Hydrologic Alterations and Bottomland Hardwoods of the Mississippi Alluvial Valley

Evaluation of the effects of hydrologic alterations on bottomland hardwood regeneration processes—Bottomland hardwood forests are located along floodplains throughout the southeastern United States, with the greatest concentration in the Mississippi Alluvial Valley (MAV). These wetland forests are cornerstone of conservation for a wide variety of species in the MAV including waterfowl, black bear, and songbirds. These sites have been greatly affected, however, by hydrologic alterations that have reduced, eliminated, or shifted the timing and duration of flooding in these systems. Our past research has shown that forest composition and tree growth have been affected by these changes. The pressure for water continues to increase in this region. Currently, the Mississippi Alluvial Aquifer is one of the two most depleted aquifers in the U.S. and it is affecting the volume of streamflow in some rivers. We need a quantitative, process-level understanding of water needs in these forests to sustain their productivity and the associated forest and wetland-dependent wildlife. Whitney Kroschel, a Ph.D. student, is currently working on this project at several wildlife management areas in north Louisiana. I am also working with two hydrologists, Dr. Richard Keim and his Ph.D. student, Mary Grace Lemon. Louisiana Department of Wildlife and Fisheries and the Lower Mississippi River Valley Joint Venture are providing funding for this project.
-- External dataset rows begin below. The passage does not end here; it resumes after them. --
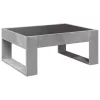 Betonszürke végtelen hatású LED-es dohányzóasztal 70x53x30 cm
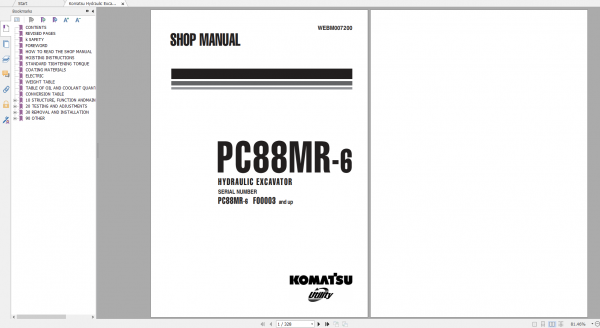 Komatsu Hydraulic Excavator PC88MR 6 Shop Manual WEBM007200 2007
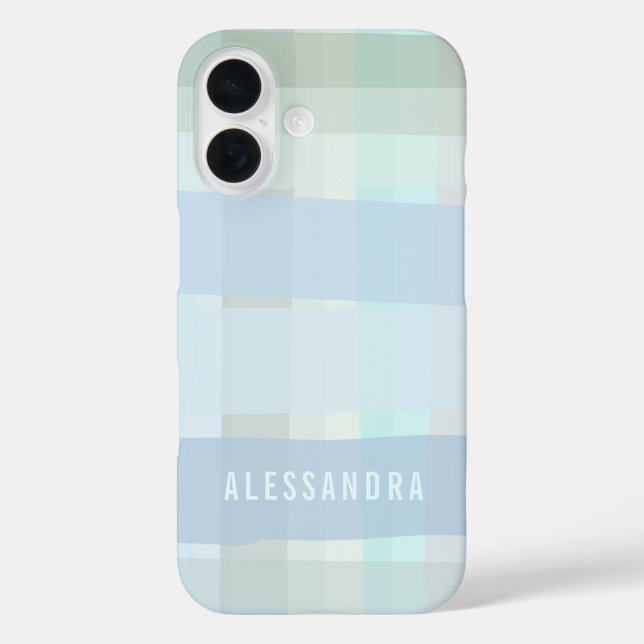 Personalised Name Pastel,Check Plaid Blue Sage  Case-Mate iPhone Case (Back)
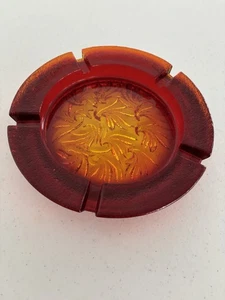 Vintage L E Smith 5 Slot Ashtray Amberina Sandscroll Pattern Bulky/Heavy - Picture 1 of 11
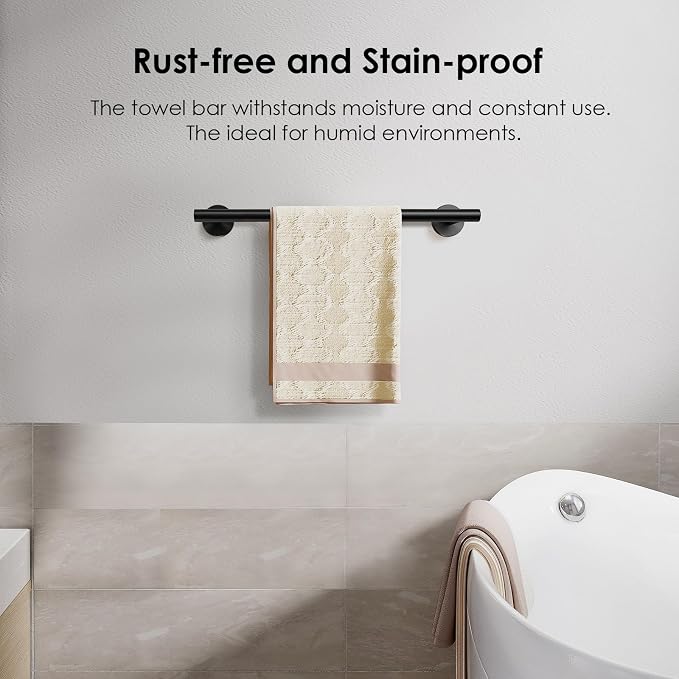 FORIOUS Towel Bar 9" Towel Racks for Bathroom Wall Mounted Matte Black | Total Length 11 Inch, Rustproof, Stainless Steel Towel Holder, Wall Mounted for Bathroom Bedroom, Heavy Duty, Space Saving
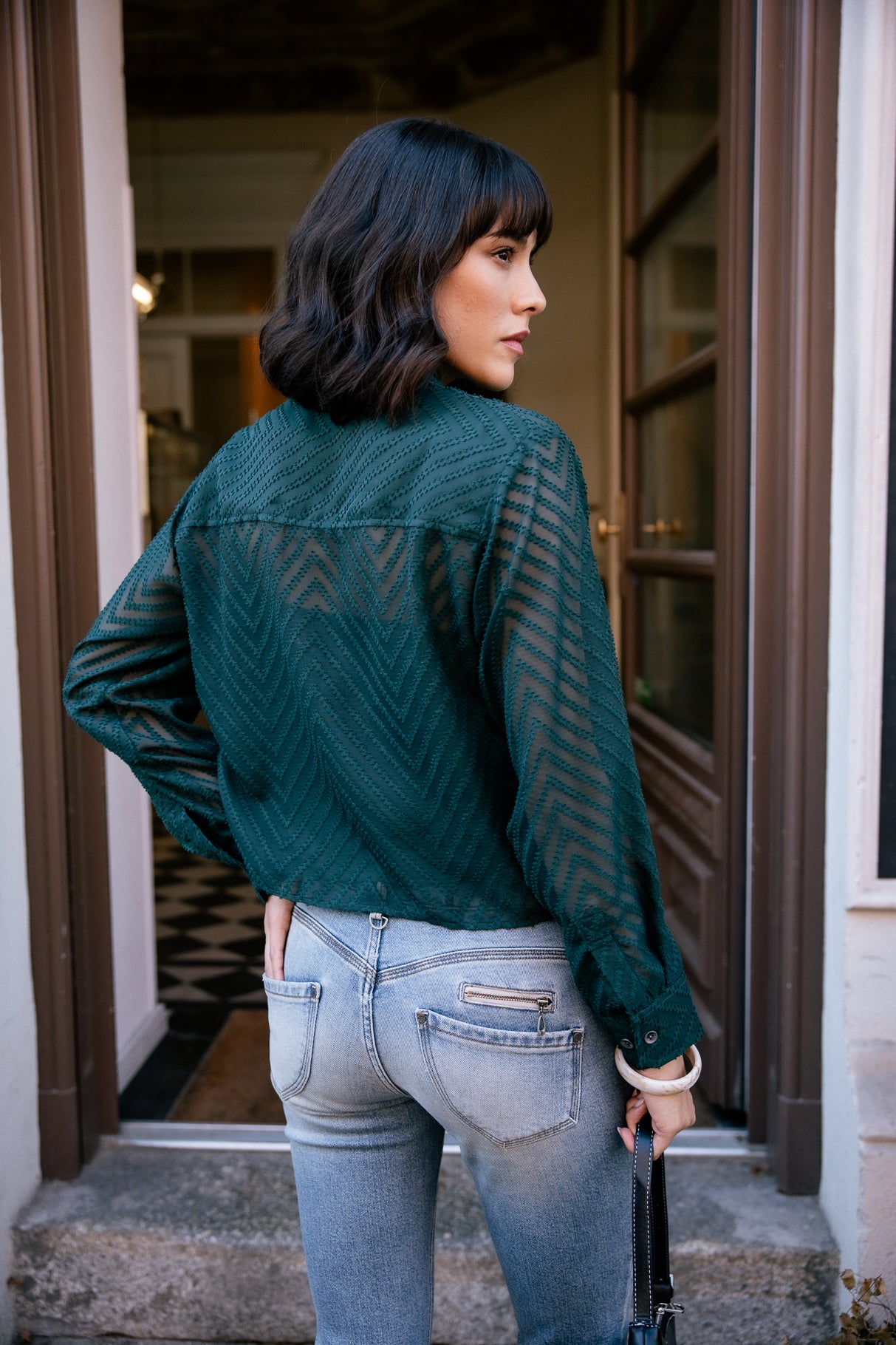 

Chemise avec jeux de transparence Frau Caretina Zig Zag forest green | Freeman T. Porter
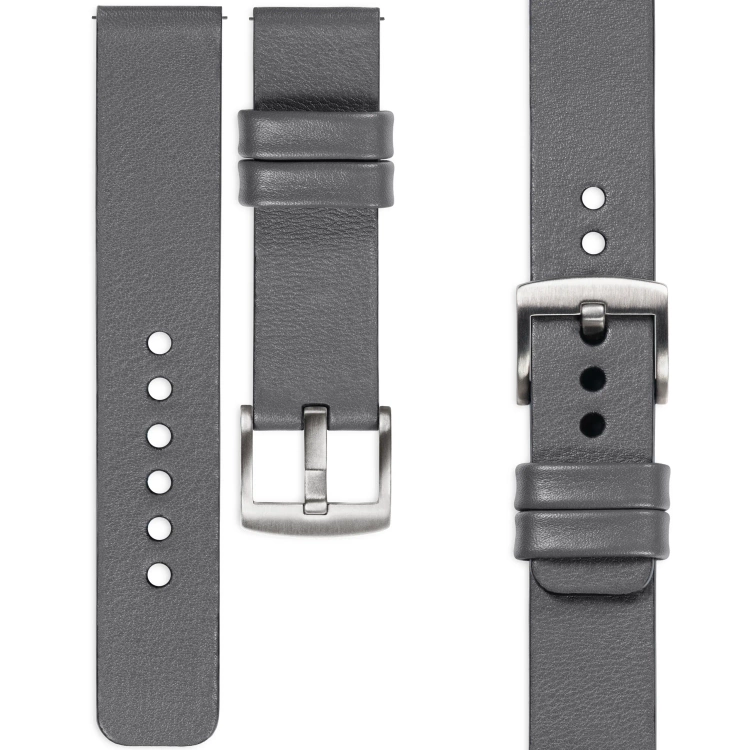 moVear Prestige S1 21mm Uhrenarmband aus Leder | Grau [Größen XS-XXL und Schnalle zur Auswahl]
Effects of Habitat Heterogeneity on Nesting Waterbirds

This study will be initiated in March 2017. Rabbit Island, located near Cameron Louisiana, has several nesting birds that are rare to Louisiana. It is scheduled for restoration sometime after September 2017. Specifically, they will raise the elevation of the island to reduce flooding and potential nest losses due to flooding. We will be evaluating nest success and nest densities in varies habitats, particularly as they relate to flooding processes. We would like to identify optimal elevations for each group of species to help guide restoration efforts in the future. Karis Ritenour is an M.S. student that will be working on the project.